Ich habe diese Tage den Philoktet und die Trachinierinnen gelesen, und die letztern mit besonders großem Wohlgefallen. Wie trefflich ist der ganze Zustand, das Empfinden, die Existenz der Dejanira gefaßt! Wie ganz ist sie die Hausfrau des Herkules, wie individuell, wie nur für diesen einzigen Fall passend ist dieß Gemälde, und doch wie tief menschlich, wie ewig wahr und allgemein. Auch im Philoktet ist alles aus der Lage geschöpft, was sich nur daraus schöpfen ließ, und bei dieser Eigenthümlichkeit des Falles ruht doch alles wieder auf dem ewigen Grund der menschlichen Natur.

Es ist mir aufgefallen, daß die Charaktere des Griechischen Trauerspiels, mehr oder weniger, idealische Masken und keine eigentliche Individuen sind, wie ich sie in Shakespear und auch in Ihren Stücken finde. So ist z. B. Ullysses im Ajax und im Philoktet offenbar nur das Ideal der listigen, über ihre Mittel nie verlegenen, engherzigen Klugheit; so ist Kreon im Oedip und in der Antigone bloß die kalte Königswürde. Man kommt mit solchen Charakteren in der Tragödie offenbar viel besser aus, sie exponiren sich geschwinder, und ihre Züge sind permanenter und fester.
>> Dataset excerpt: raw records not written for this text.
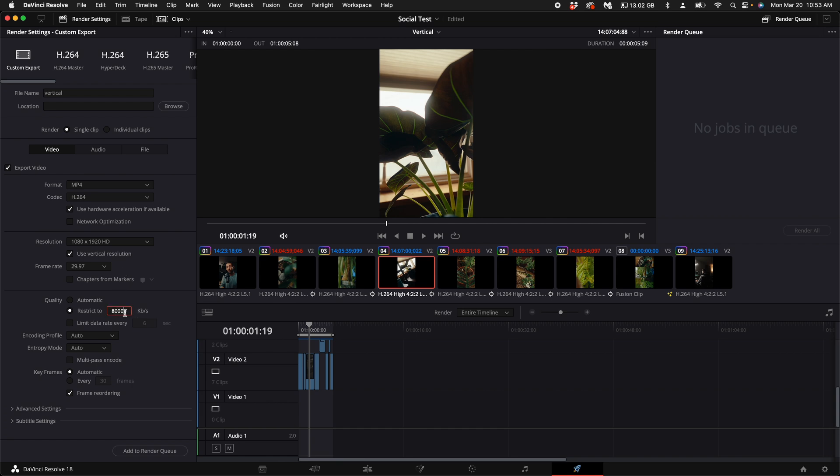As far as the quality goes, you don't want your file sizes to be too big and you don't want them to be too small. If they're too small, they're going to look like crap. If they're too big, these platforms will compress the video file size down and create some artifacts and banding. So what I like to do depending on the length of my video is put this between 2500 or 5000 kilobytes per second.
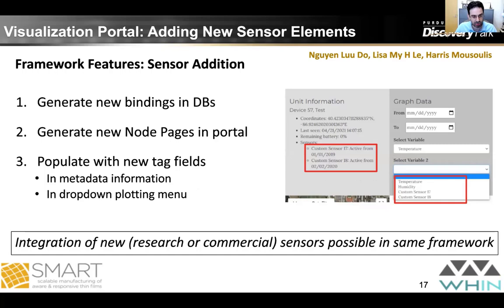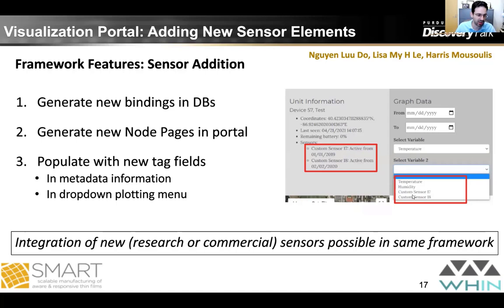Another framework feature is adding a new sensor type. Currently we have two basic external sensors — the nitrate sensor and the soil sensor — but using a simple script generates new database bindings and new node pages in the portal, populates new type fields for easy plotting, and allows integration of new sensors into the same framework.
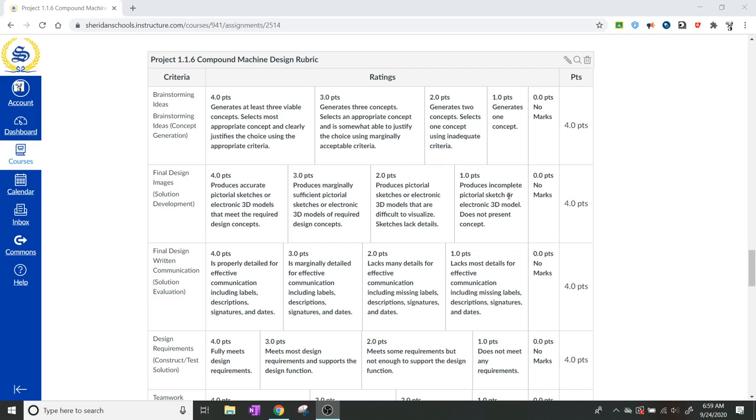So they did multiple concept sketches, or they had a brainstorming session of more than two ideas, and they actually tried to come up with different ways to solve things, and they documented ways to solve things.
Die Wahrheit leidet dadurch nichts, weil sie bloßen logischen Wesen eben so entgegengesetzt sind als bloßen Individuen.

Ich sende Ihnen hier, pour la bonne bouche, ein allerliebstes Fragment aus dem Aristophanes, welches mir Humboldt dagelassen hat. Es ist köstlich, ich wünschte den Rest auch zu haben.

Dieser Tage bin ich mit einem großen prächtigen Pergamentbogen aus Stockholm überrascht worden. Ich glaubte, wie ich das Diplom mit dem großen wächsernen Siegel aufschlug, es müßte wenigstens eine Pension herausspringen, am Ende war’s aber bloß ein Diplom der Akademie der Wissenschaften. Indessen freut es immer, wenn man seine Wurzeln weiter ausdehnt und seine Existenz in andere eingreifen sieht.

Ich hoffe bald ein neues Stück Cellini von Ihnen zu erhalten.

Leben Sie recht wohl, mein theurer, mir immer theurer Freund. Mich umgeben noch immer die schönen Geister, die Sie mir hier gelassen haben, und ich hoffe immer vertrauter damit zu werden. Leben Sie recht wohl.

Jena den 4. April 1797.

Sch.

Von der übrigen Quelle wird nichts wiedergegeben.